Il 2024 è un anno di grandi celebrazioni per i Green Day. Sorpassati ormai i trent'anni di attività, il power trio pop-punk più famoso del mondo quest'anno festeggerà con un tour sia il trentennale del disco che li ha lanciati, il capolavoro del genere "Dookie", che il ventennale di quello che invece, dieci anni dopo, li ha confermati come istituzione transgenerazionale, la rock opera "American Idiot".
Sul finire del 2023, la band si è anche lanciata in un mini-tour a sorpresa in venue di bassa capienza, come ad esempio i nostrani Magazzini Generali di Milano, affinché Billie Joe, Mike e Tré Cool potessero riassaporare il brivido delle gig scatenate degli esordi. È chiaro dunque che per il trio sia un momento di bilanci, confronti e riflessioni. E che questi li abbiano finalmente portati a trovare una quadra, a giungere finalmente, dopo una buona quindicina d'anni, a una versione di sé che non fosse anacronistica, che potesse trovare uno scopo nel contesto musicale contemporaneo. E non è un caso, dunque, che "Saviors" sembri collocarsi proprio al crocevia tra i due dischi da festeggiare. I Green Day sentono ancora la responsabilità da agitatori rock del 2004, ma hanno rinunciato a prendersi troppo sul serio, recuperando però un po' dell'ironia degli esordi, debitamente filtrata dal sarcasmo e dal senno di poi da cinquantenni.
I frutti più immediati di questo nuovo equilibrio sono "The American Dream Is Killing Me", una "Strange Days Are Here To Stay" col ritornellazzo a presa rapida e la sfavillante traccia che dà il titolo al disco. Difficile non venire rapiti immediatamente anche dal coretto killer di "One Eyed Bastards" o finire sotto a "Coma City", sul cui finale basso e batteria picchiano come ai bei tempi.
L'età porta anche un po' di malinconia, che, debitamente accompagnata dal gigantesco talento melodico di Armstrong, produce varie ballad, come la pregevole "Suzy Chapstick" e la (forse un po' troppo) smielata "Father To A Son". Immancabile una citazione per "Bobby Sox", classico istantaneo che non avrebbe sfigurato in "Nimrod" e che ribadisce una parentela dei Green Day con i primi Weezer.

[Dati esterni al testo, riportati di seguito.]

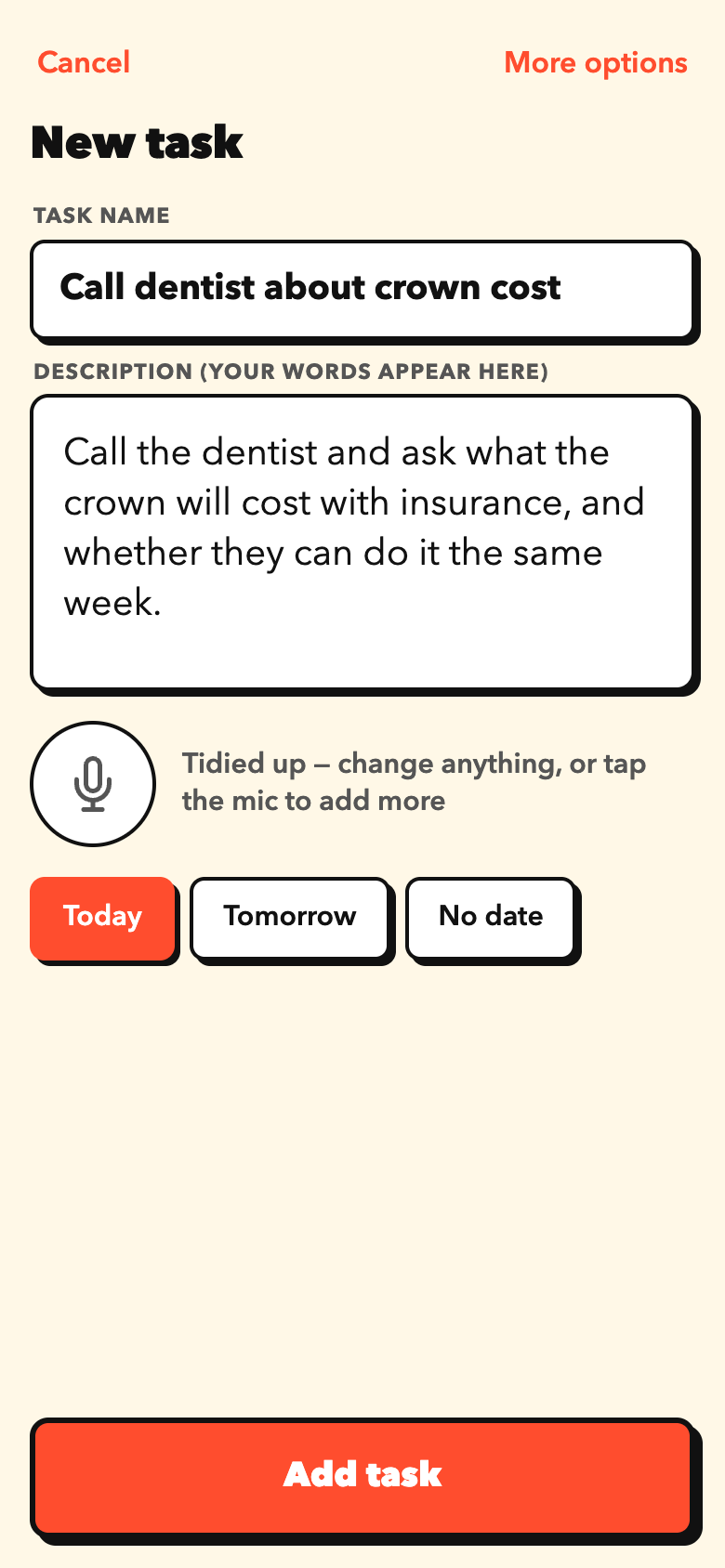 New task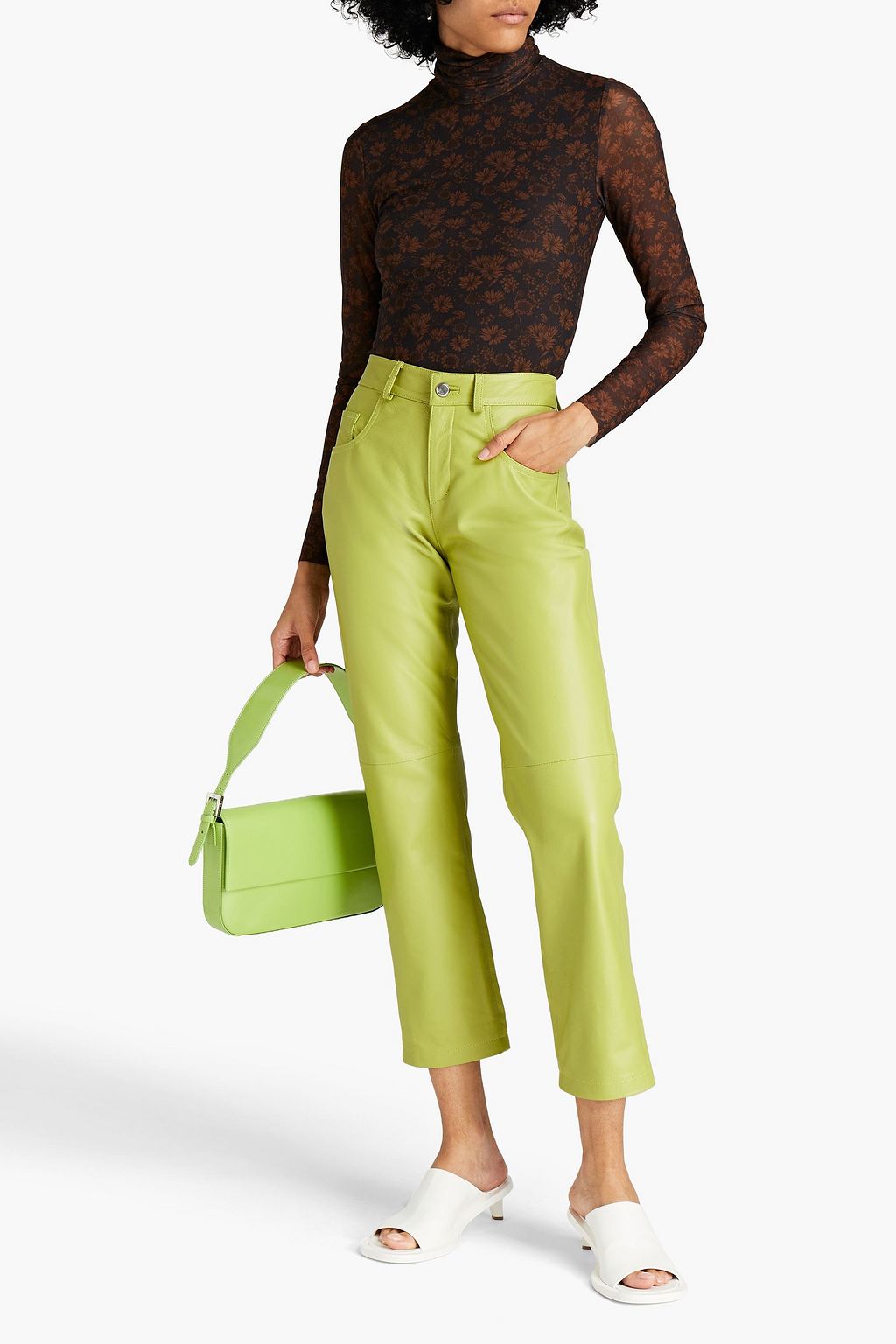 GANNI Floralprint stretchmesh turtleneck top Sale up to 70 off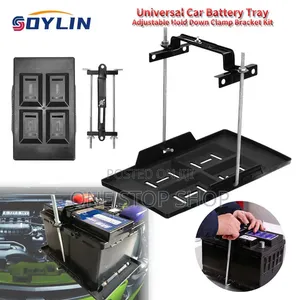 Sturdy Metal Base Battery Holddown Tray& Adjustable Clamp Bracket Kit
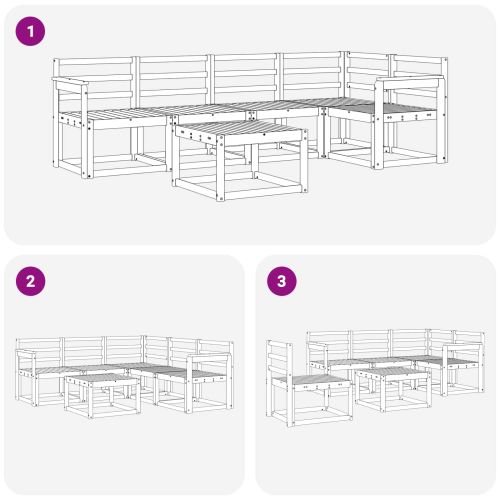 Комплект дивани за открито 6 pcs Естествен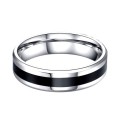 6MM Solid 316L Stainless Steel Band with Black inlay. Ring Size 10 / U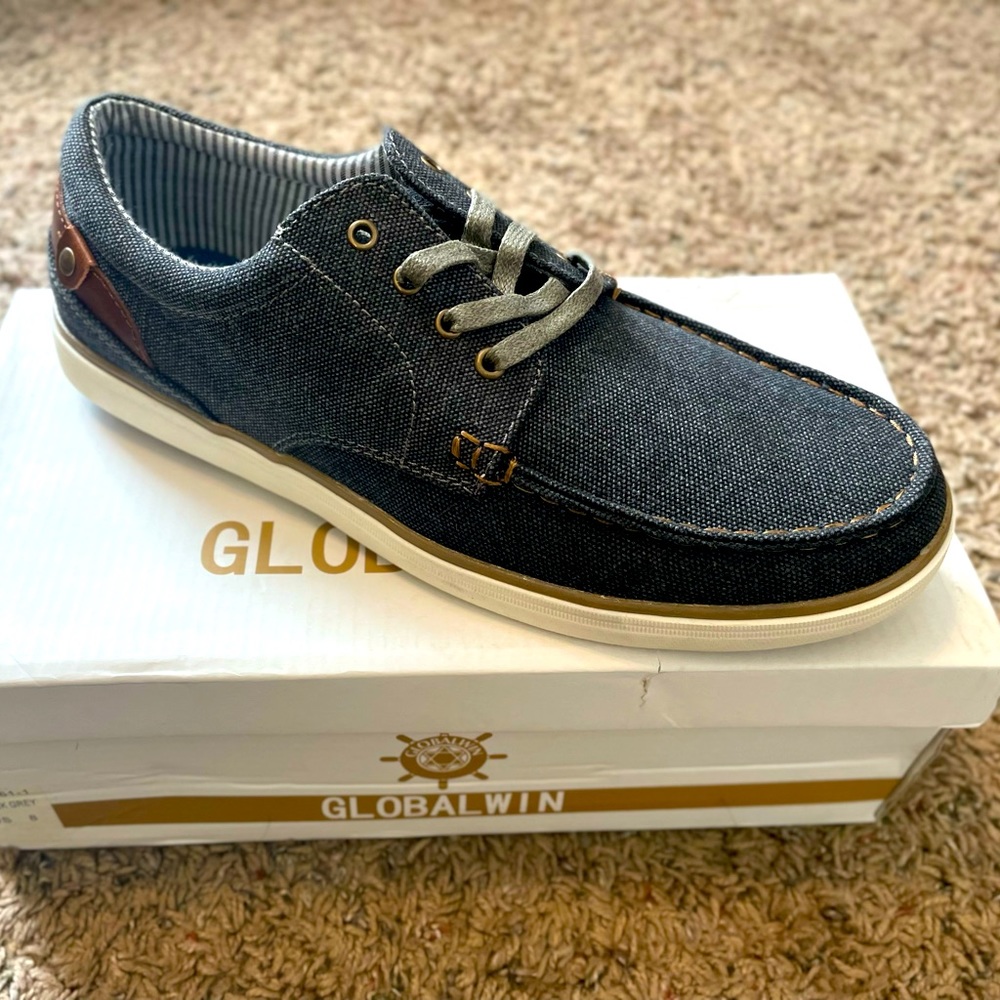 GLOBALWIN Men’s Black/Grey Loafers Shoes US Men’s Size 8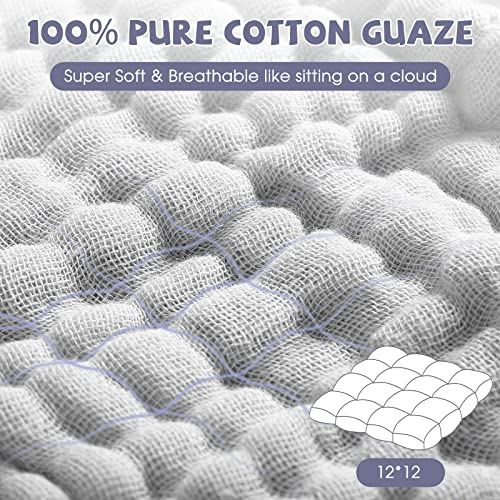 MUKIN Baby Washcloths - 6 Pack Soft Face Cloths for Newborn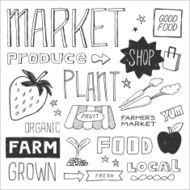 Farmer&rsquo;s Market Doodles &mdash; Vector Elements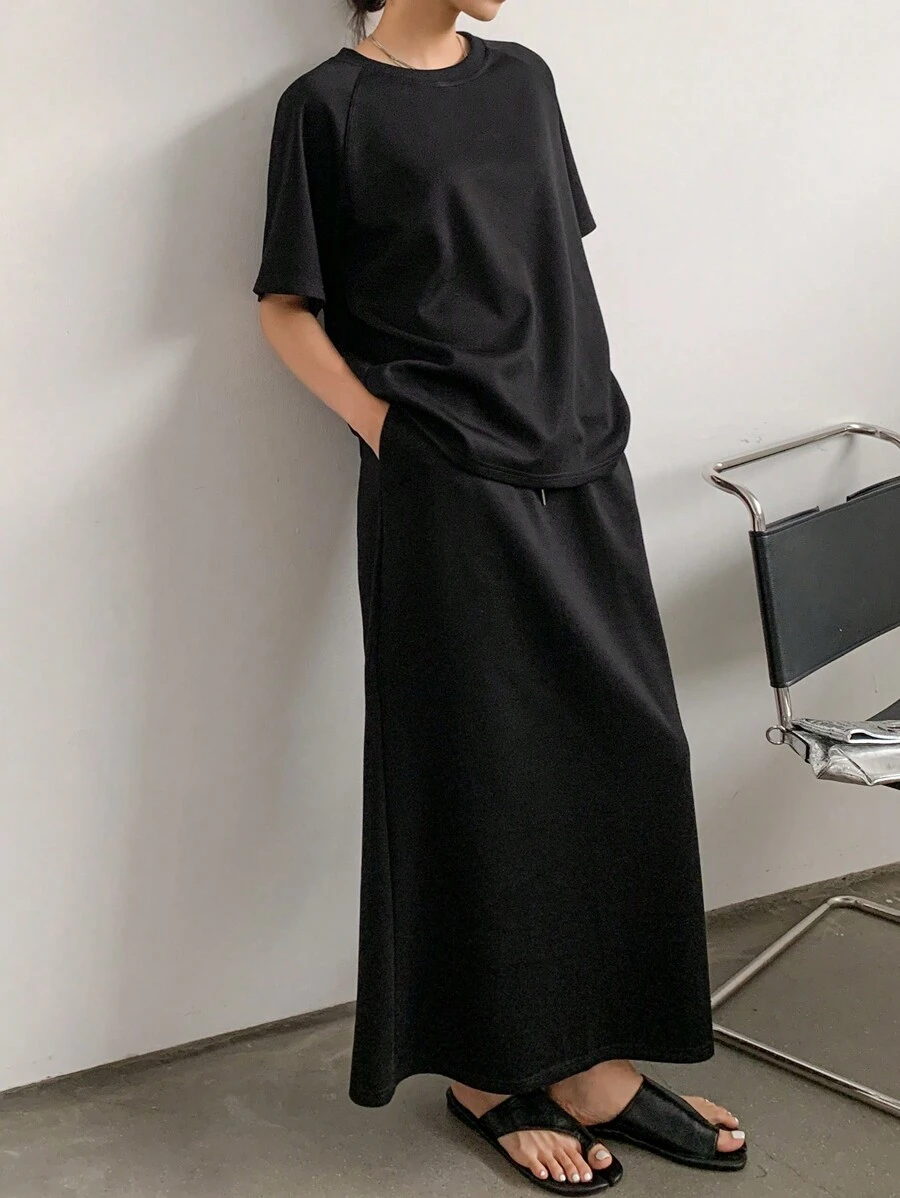 Dazy-Less 宽松简约纯色两件套女士休闲套装老款商务休闲女装 - 黑色 - 查看 1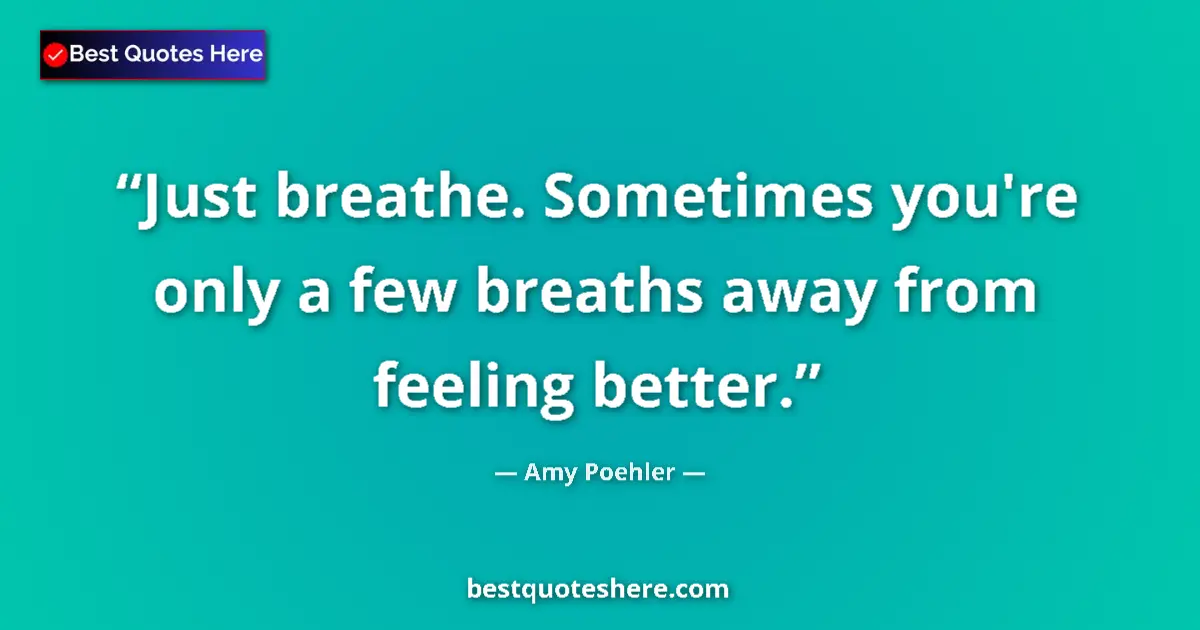 Quote by Amy Poehler: Just breathe. Sometimes you're only a few breaths away from feeling better....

"Saviors" non è un disco perfetto, ci mancherebbe, e forse ha qualche pezzo di troppo. "Look Ma, No Brains!" e "Fancy Sauce" non aggiungono che minuti a una scaletta che forse un po' alleggerita avrebbe funzionato ancor meglio. Fa però un gran piacere ritrovare una delle più iconiche band pop-rock degli anni 90 in questo stato di forma e freschezza, nuovamente a suo agio e carica di senso e contestualità che sembrava aver smarrito.